BEGIN Available records

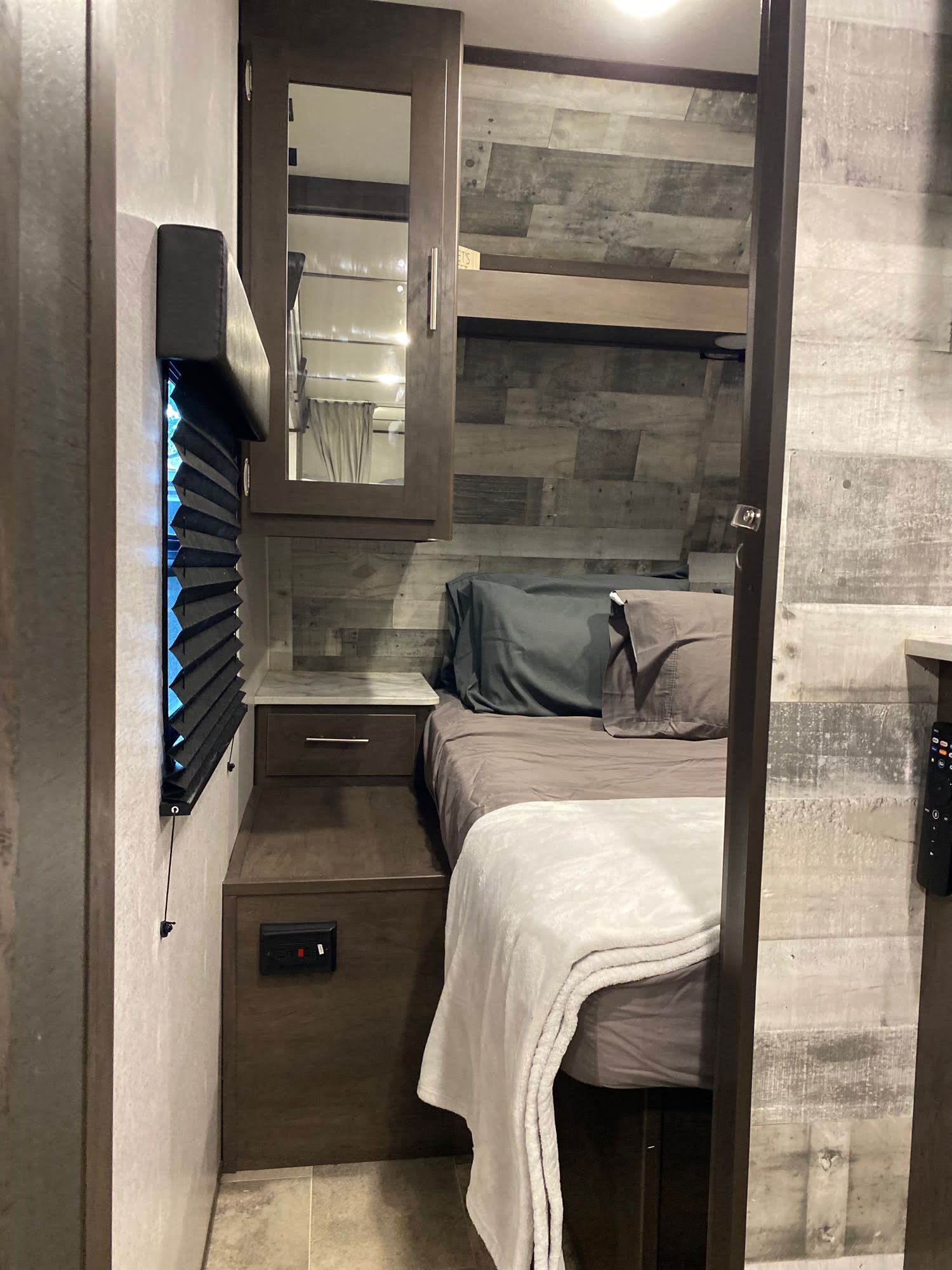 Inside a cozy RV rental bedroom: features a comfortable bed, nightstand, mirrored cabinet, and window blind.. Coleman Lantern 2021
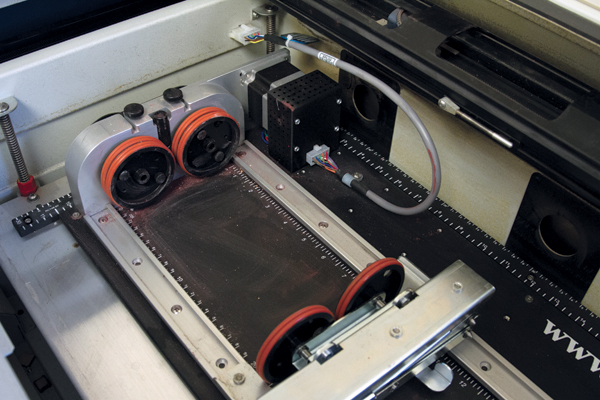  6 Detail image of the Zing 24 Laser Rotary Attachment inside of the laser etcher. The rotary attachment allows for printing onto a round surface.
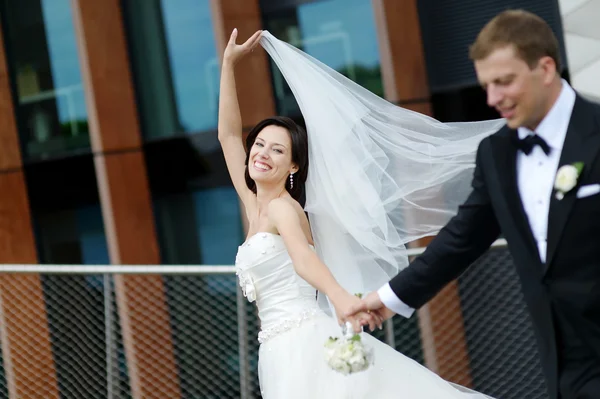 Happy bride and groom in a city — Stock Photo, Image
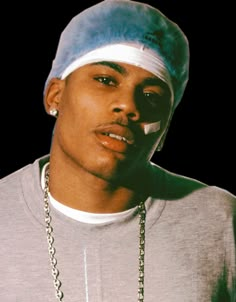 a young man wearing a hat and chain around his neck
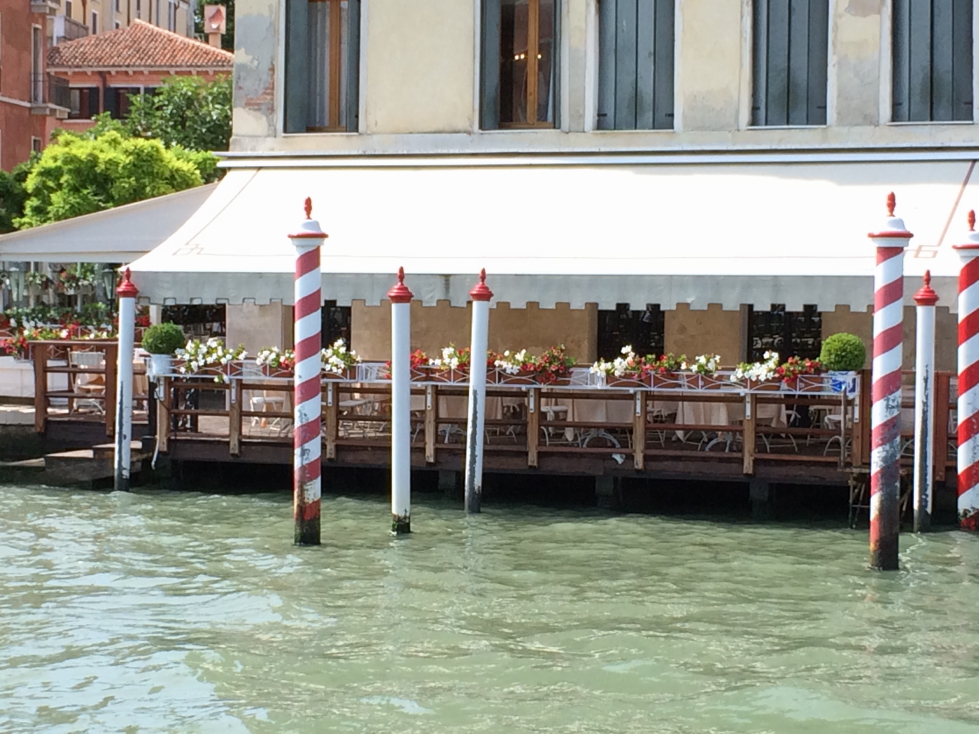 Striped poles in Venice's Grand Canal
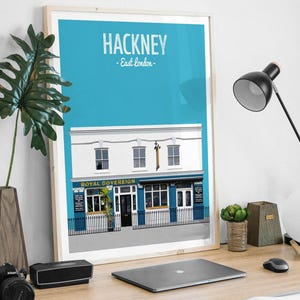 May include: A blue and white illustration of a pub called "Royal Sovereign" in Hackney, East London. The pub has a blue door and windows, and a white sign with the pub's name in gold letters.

END Available records

*What the exercise asks*.
Exactly the lines from the one with "Striped poles in Venice's Grand Canal" to the last line of the listing are wanted, both ends included and pictures excluded.

*Response for this exercise*.
 Striped poles in Venice's Grand Canal
 May include: A blue and white illustration of a pub called "Royal Sovereign" in Hackney, East London. The pub has a blue door and windows, and a white sign with the pub's name in gold letters.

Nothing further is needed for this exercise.